In fact, once I even pointed out to him—while getting exhausted by the repeated readings of the same tedious copy—that a second person should be reading them, and he muttered something as if in agreement—and this was not done. In essence, I read the P.I.s, in terms of the same wordage being read, six times.

Common sense should tell you that this sort of thing would be exhausting (you can download a copy of the P.I. from the medication Web site and see how tedious the copy is), and thus could run into errors in terms of not catching every possible error due to fatigue or boredom. This situation created anxiety and anger for me. It also contradicted [Agency X’s] own policy for any such important documents, and it defied the specific instructions for these items. The reading just by me wasn’t something I demanded. And of course we could not provide the certification that the supposed outside vendor usually furnished with such work.


In this way and in other, even more disturbing ways (including a bad-faith move I postulate) that I’ll recount in the narrative, the P.I.s were handled unprofessionally. They were handled apparently in large part or exclusively out of billing considerations (which I’ll explain), not so much in terms of what were editorially effective and best-practices methods.
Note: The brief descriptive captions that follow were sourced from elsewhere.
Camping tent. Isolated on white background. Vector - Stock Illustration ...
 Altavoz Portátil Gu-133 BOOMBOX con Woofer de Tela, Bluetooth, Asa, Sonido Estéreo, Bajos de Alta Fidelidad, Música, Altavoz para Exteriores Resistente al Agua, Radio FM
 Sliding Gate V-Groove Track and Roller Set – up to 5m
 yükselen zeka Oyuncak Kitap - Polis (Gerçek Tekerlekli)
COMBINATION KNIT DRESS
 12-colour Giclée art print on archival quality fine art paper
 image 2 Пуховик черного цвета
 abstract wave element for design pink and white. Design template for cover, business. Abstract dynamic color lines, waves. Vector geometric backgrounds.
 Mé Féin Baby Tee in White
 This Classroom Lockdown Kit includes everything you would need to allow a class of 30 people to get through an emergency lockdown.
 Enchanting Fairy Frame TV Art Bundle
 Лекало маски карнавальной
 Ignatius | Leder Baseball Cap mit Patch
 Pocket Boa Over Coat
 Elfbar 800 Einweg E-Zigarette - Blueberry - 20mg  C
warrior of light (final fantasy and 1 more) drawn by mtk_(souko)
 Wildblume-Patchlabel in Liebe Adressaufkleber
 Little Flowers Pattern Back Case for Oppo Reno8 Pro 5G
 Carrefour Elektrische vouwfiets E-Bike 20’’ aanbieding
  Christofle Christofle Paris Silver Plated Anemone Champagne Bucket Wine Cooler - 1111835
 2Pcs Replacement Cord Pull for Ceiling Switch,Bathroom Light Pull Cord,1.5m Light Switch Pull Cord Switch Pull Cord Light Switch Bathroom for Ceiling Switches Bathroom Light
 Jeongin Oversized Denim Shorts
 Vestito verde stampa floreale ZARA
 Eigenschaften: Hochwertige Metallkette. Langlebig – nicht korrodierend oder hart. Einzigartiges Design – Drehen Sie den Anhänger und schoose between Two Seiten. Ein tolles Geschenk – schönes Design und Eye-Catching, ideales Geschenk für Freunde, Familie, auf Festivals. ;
Any claim that Tweedle Dee (or anyone else) made that two editors indeed proofread the P.I.s in their multiple versions, as was specifically requested during the production process I was in, is absolutely false, and insultingly so to me. (This mishandling of the P.I.s would be a key part of my complaint that I sent to the FDA in fall 2010.) Subtleties and qualifications of all this will be seen in the subsequent parts of this series.

This, of course, showed no consideration for my work effectiveness (as to work on other items in the future).

Further, amid all the stress of that last week I was there, for me to be defamed with an alert as Tweedle Dum did and yet for her to have me in on Friday to do more bill-beefing-up P.I. work—as if I could be so stupid not to notice the results of an alert that had gone out to so many people—obviously not only shows a managerial temper for doing legally questionable things (related to case law on harassment matters I’ll come to later on), but shows there was no real expectation that I’d be called back, so ultimately my career prospects were hurt.

And, again, on Friday, if I was to be the only proofreader for this, there was the issue of public interest being served, if the P.I. was to be mishandled, though here the problem was less likely or crucial, because the tablet form of Suboxone had been in circulation for years, and its P.I. should have been pretty settled.

The defamatory-alert issue is something that is very extensively addressed by the sequelae account I mentioned above, which has to wait.

For now, I hold Tweedle Dum, the trafficking manager, and Tweedle Dee, the “director of editorial services,” primarily responsible for the P.I.-related issues.